| |
| |
| |
interview
Mijn leven is een beetje zoals dat van Don Quichot
Interview met Angèle Manteau
Ze leerde Nederlands bij de familie Greshoff, ze was de ontdekster van Louis Paul Boon en Hugo Claus debuteerde bij haar uitgeverij. Er is veel te vertellen over deze uitgeefster die al op haar 21ste begon. Maar ook zelf spreekt ze nog een aardig woordje mee in het literaire wereldje. Een gesprek over de woelige jaren dertig, Vlamingen in Nederland en de literaire waarde van scheldproza. Angèle Manteau in vogelvlucht.
Anna Rademakers
Wie bij Angèle Manteau thuis komt, treft in haar boekenkast vrijwel alleen Engelstalige literatuur aan.
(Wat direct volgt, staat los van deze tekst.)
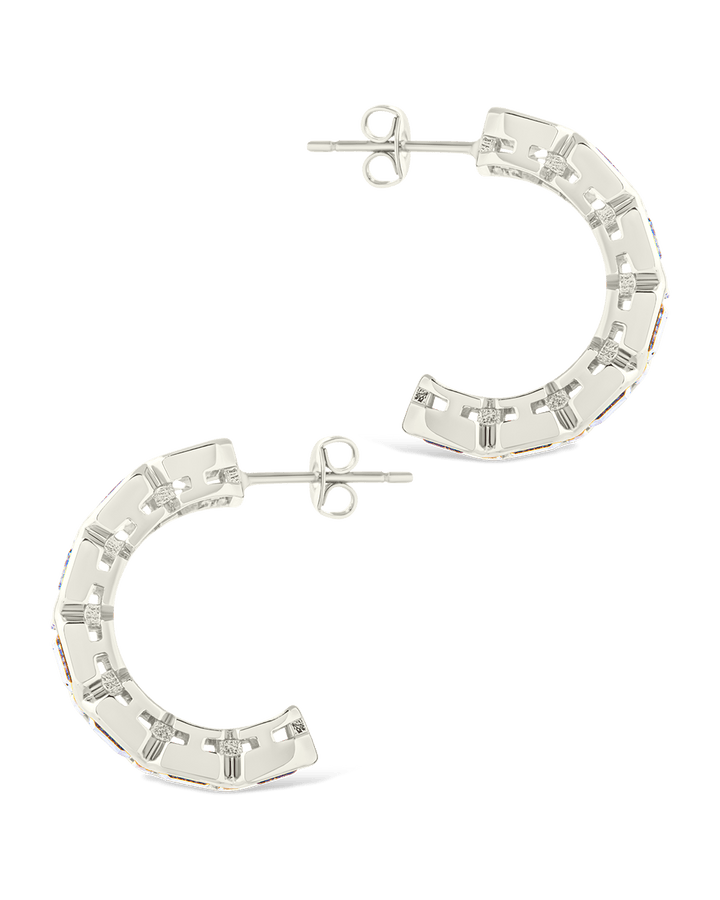 Nyssa Bezel CZ Station Hoop Earrings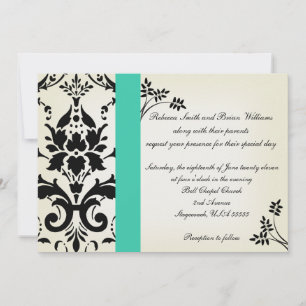 Elegant Turquoise and Black Damask Wedding Invite
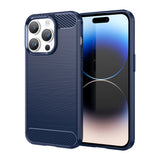 Carbon Case iPhone 14 Pro fleksibelt gel bagsæde blå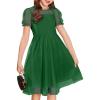 Arshiner Girls Dress Contrast Mesh Puffy Short Sleeve A Line Casual Party Dress 3-12 Years(Dark Green)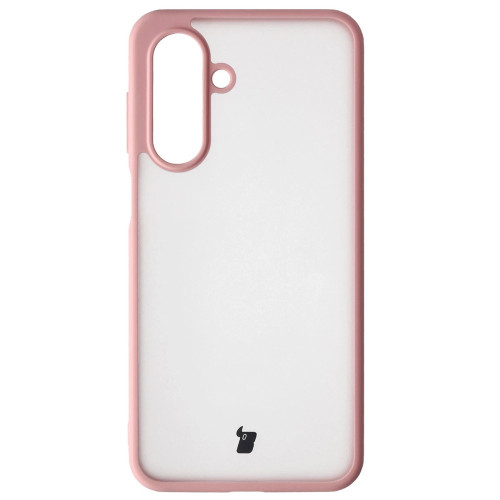 Etui + szkło hartowane Bizon Angelo Pack do Galaxy A17 5G, przydymione z jasnoróżową ramką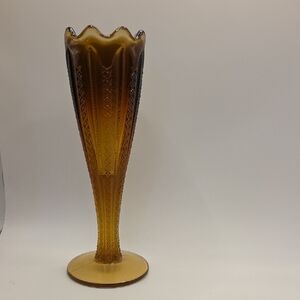 Duncan And Miller  Amber Zipper Vase. Vintage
Op z'n zachtst gezegd opmerkelijk voor een vrouw die bijna veertig jaar aan het hoofd van een van de meest vooraanstaande Vlaamse uitgeverijen heeft gestaan. ‘Ik hoef niet meer te lezen, dus lees ik alleen nog wat ik leuk vind’, zegt de negentigjarige, tot barones benoemde dame laconiek, alsof het zo vanzelfsprekend zou zijn.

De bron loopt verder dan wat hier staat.